I threw a few dozen puzzles at it, trying to pull ones that were hard both for humans and, ostensibly, for machines, but I never saw it take more than a couple seconds, and that in the most degenerate "had to try every possible permutation" cases. Hence why I really wish I'd kept the code to throw that one at.
That doesn't seem any different than the algorithm my solver uses. From what a sibling poster commented, it looks like the thing that causes the trouble is that the square that makes it unsolvable basically lets you solve it down to just that square in many different ways, which then just ends up with you enumerating an absolutely enormous state space because the solvers don't have enough tricks built in to recognize it as an unsolvable board from the start.
Right; I am saying it's different than the original post's because it -could- handle unsolvable boards (maybe I misread; it sounded like that was an unhandled case in it).

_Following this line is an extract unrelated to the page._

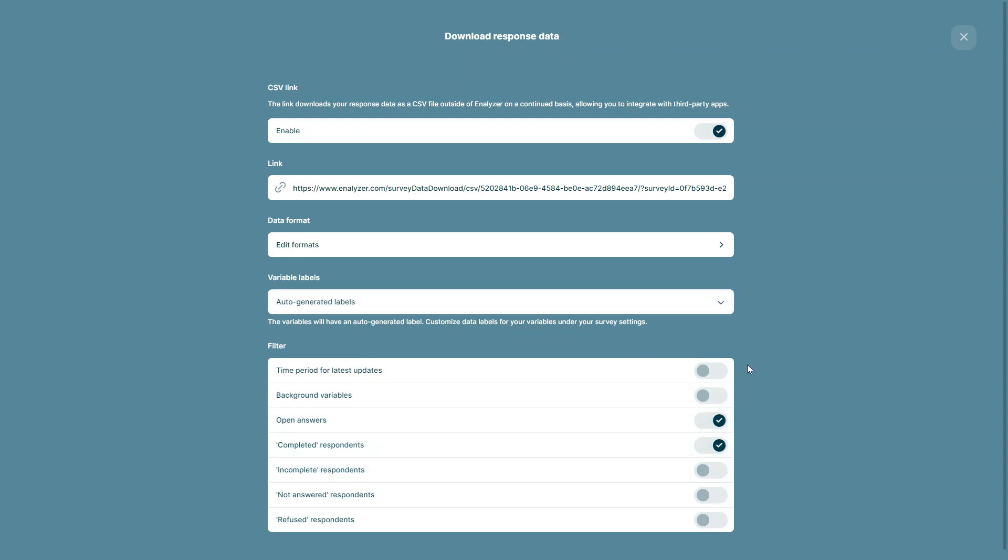As soon as you've changed any of the settings on this page, they will be automatically added onto your CSV link. So when you're done, all you have to do is copy it.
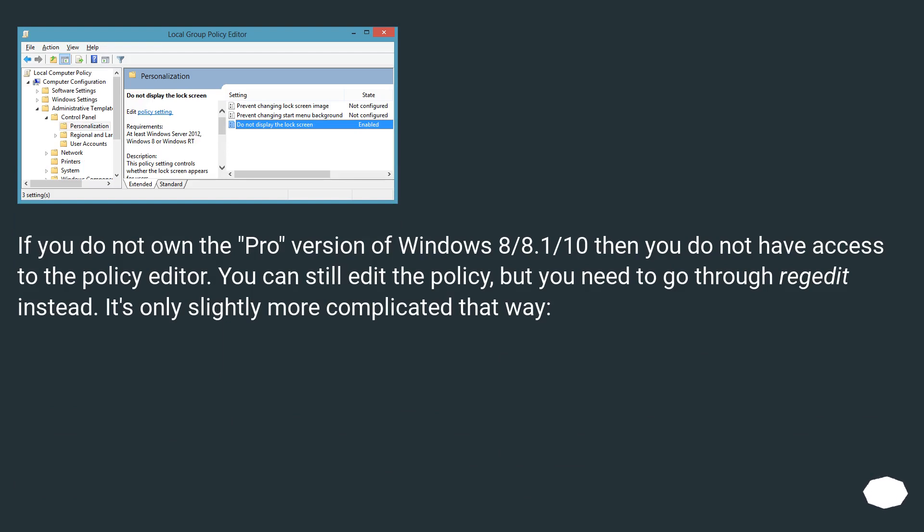If you do not own the Pro version of Windows 8, 8.1, or 10, then you do not have access to the Policy Editor. You can still edit the policy, but you need to go through regedit instead. It's only slightly more complicated that way.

I knew that there could be degenerate cases like that that would cause it to take O(n!) time, but the ones that I ran into still didn't take -that- long, which was what surprised me.

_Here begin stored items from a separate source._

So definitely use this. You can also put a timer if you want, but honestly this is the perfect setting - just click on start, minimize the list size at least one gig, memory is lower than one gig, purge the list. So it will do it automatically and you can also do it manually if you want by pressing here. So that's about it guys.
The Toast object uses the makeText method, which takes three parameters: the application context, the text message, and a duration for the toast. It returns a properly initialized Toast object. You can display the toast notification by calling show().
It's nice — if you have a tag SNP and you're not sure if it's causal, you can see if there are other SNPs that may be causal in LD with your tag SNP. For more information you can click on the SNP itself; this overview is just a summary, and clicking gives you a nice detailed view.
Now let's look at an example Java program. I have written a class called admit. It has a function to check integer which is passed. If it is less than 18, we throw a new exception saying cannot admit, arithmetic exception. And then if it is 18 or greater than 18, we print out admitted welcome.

I guess you should be able to verify pretty easily that the solution he posted is valid, right? But I guess he didn't actually post the solution his code came up with, so who knows...

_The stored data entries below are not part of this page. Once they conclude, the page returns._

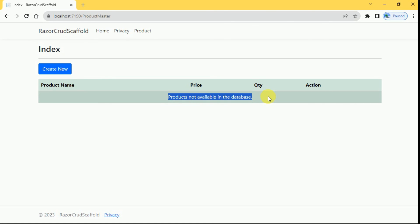For this example we are going to use Visual Studio and SQL Server, and we are going to use Entity Framework code first approach. Also here we are going to use the scaffolding mechanism, we are not going to write any code.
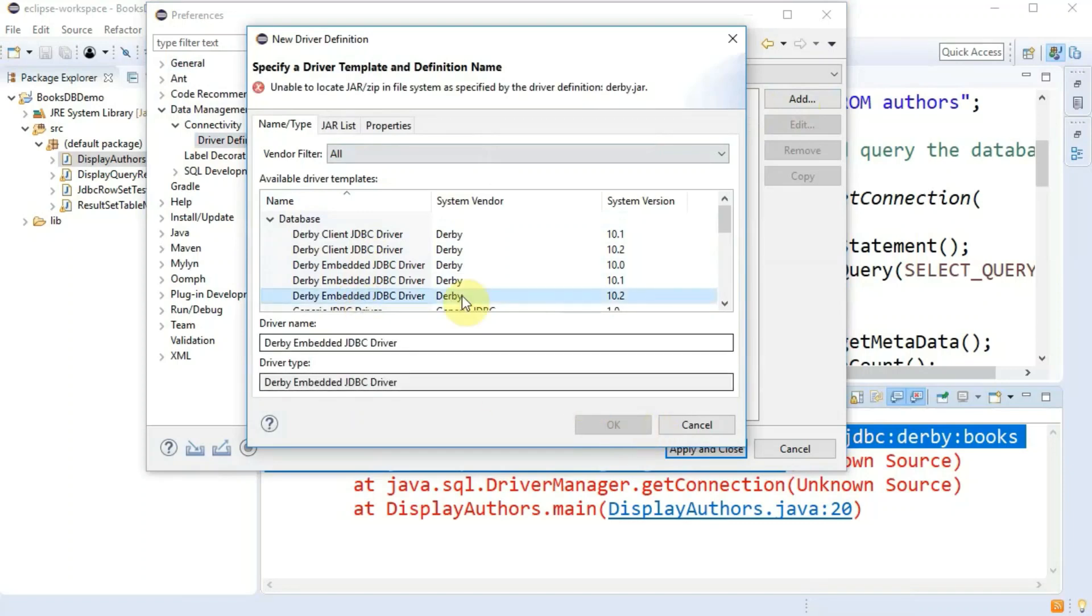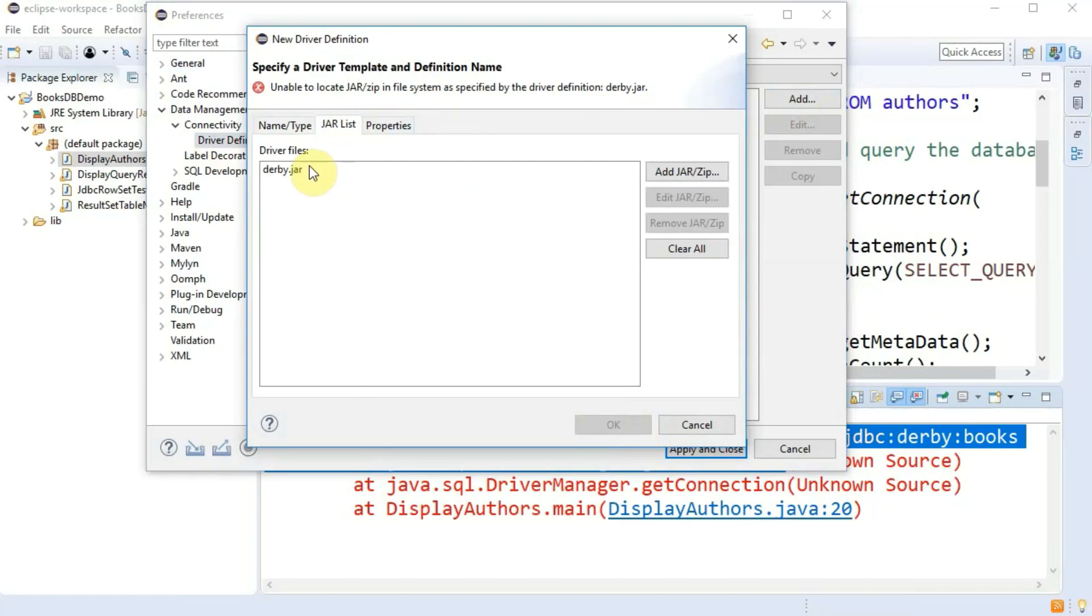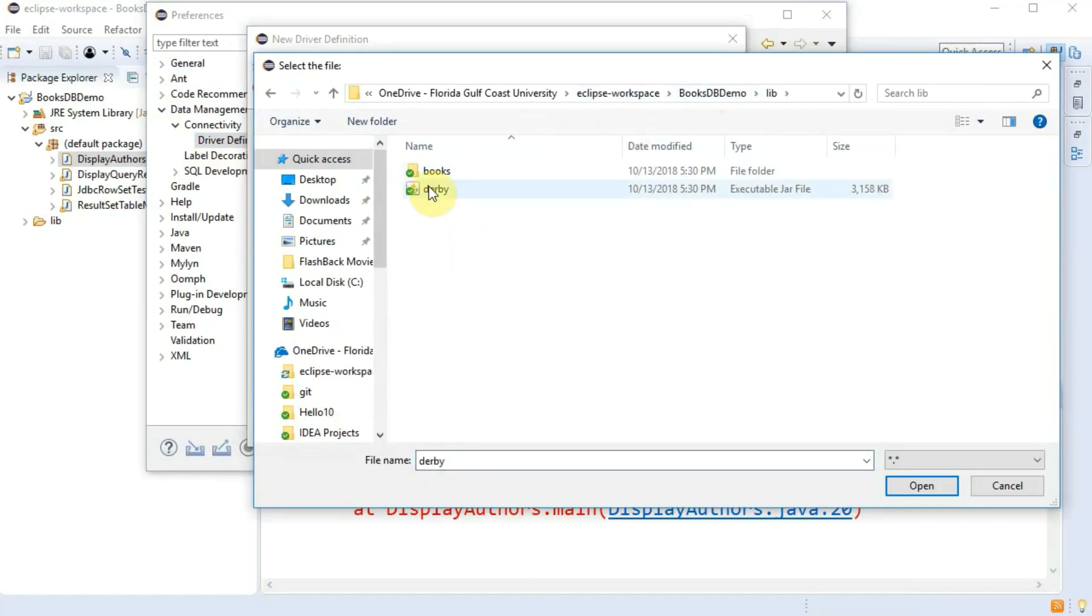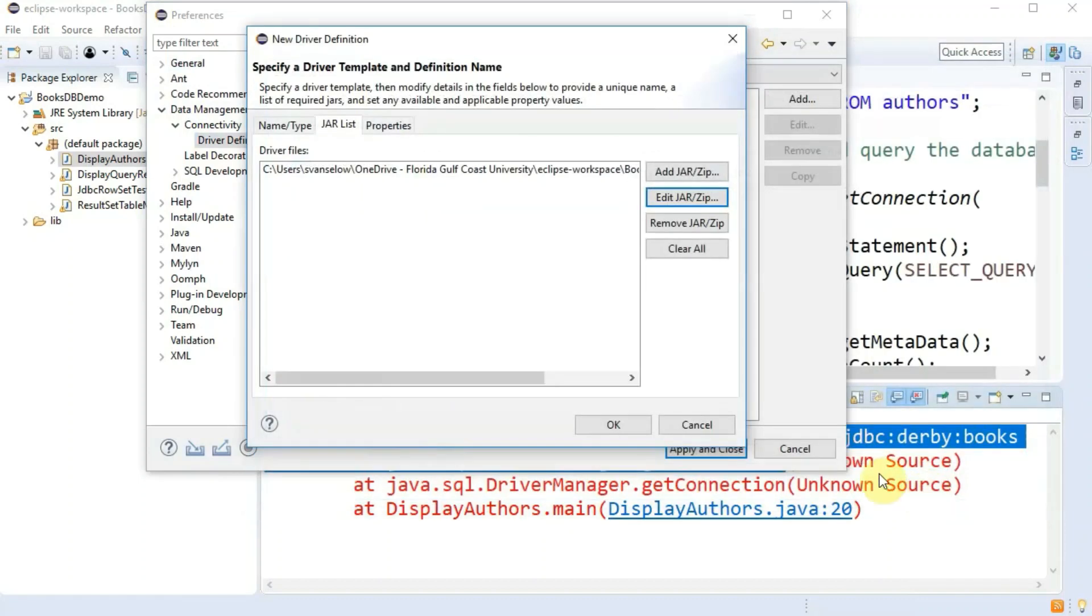Derby embedded JDBC driver, the most recent version, highest number there. You want to edit that jar to point to the one that we just added to the lib folder.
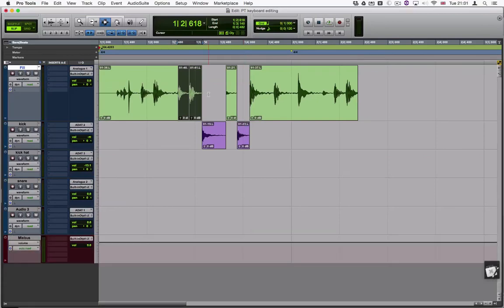This is the basic workflow when editing using a keyboard. There are also lots of additional functionality like changing the lengths of clips and selections. However, that is for another video. Thank you.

Oh that explains everything. That's what I get for being too lazy and not reading the fine print I feel happy now at the fact that my solver is about 2 orders of magnitude faster than his!
It's trivial to know that it has more than one possible solution since less than 8 of the possible numbers are on the initial board meaning any valid solution that is found has a mirrored solution with all of one number swapped for all of another number.
Sure. My solver is designed to return the first solution it finds (it doesn't check for solution uniqueness, just that there is one). However currently my solver is saying that it can't find _any_ solution at all.
I love it how with the Z3Py solver you just write down a few constraints (rows, columns, 3x3 boxes and the given values) and you immediately get an answer.
The key insight when writing a sudoku solver is that it is just depth first search. Once someone told me that it just sort of clicked. Just guess each possible number at each open square and if you ever get to an un-solvable state, just undo the last change you made and try the next one. I was extremely satisfied with myself after writing my first really clean solver with backtracking.
I'm sure there are other, more efficient, ways to write sudoku solvers, but the simplicity and clarity the DFS solver offers is pretty cool IMO.
It can be done with just depth first search, but if you want it to be fast you can go pretty far down the rabbit hole. The details of your representation, your heuristics, and the kinds of constraint propagation you support all matter a lot.
I don't think there are, actually. Some algorithms might run faster in practice, but, since the game is NP-complete, brute force is pretty much as good as it gets for exact solutions.
The constraint propagation bit is the main key. It still ends up being a DFS, but at most steps along the way, finding one number leads causally to several other spaces being found.
In most easy / medium puzzles, there are actually no points where you need to guess (i.e. recurse down the tree).
In many hard puzzles, there are only one of two guesses, which is where you would recurse down the decision tree.
Things get a bit more intense once you move into the puzzles specifically designed to be a pain in the neck for programs, but often those inputs aren't actually valid Sudoku puzzles.
I've only ever written one solver in Python about 10yrs ago. But it wasn't a search and never made guesses, it was an enumeration of all the analog elimination methods I'd ever figured out when solving them on paper.
It was fast, but there were a few difficult puzzles it couldn't solve - obviously there were some real world techniques/alogrithms I hadn't managed to figure out.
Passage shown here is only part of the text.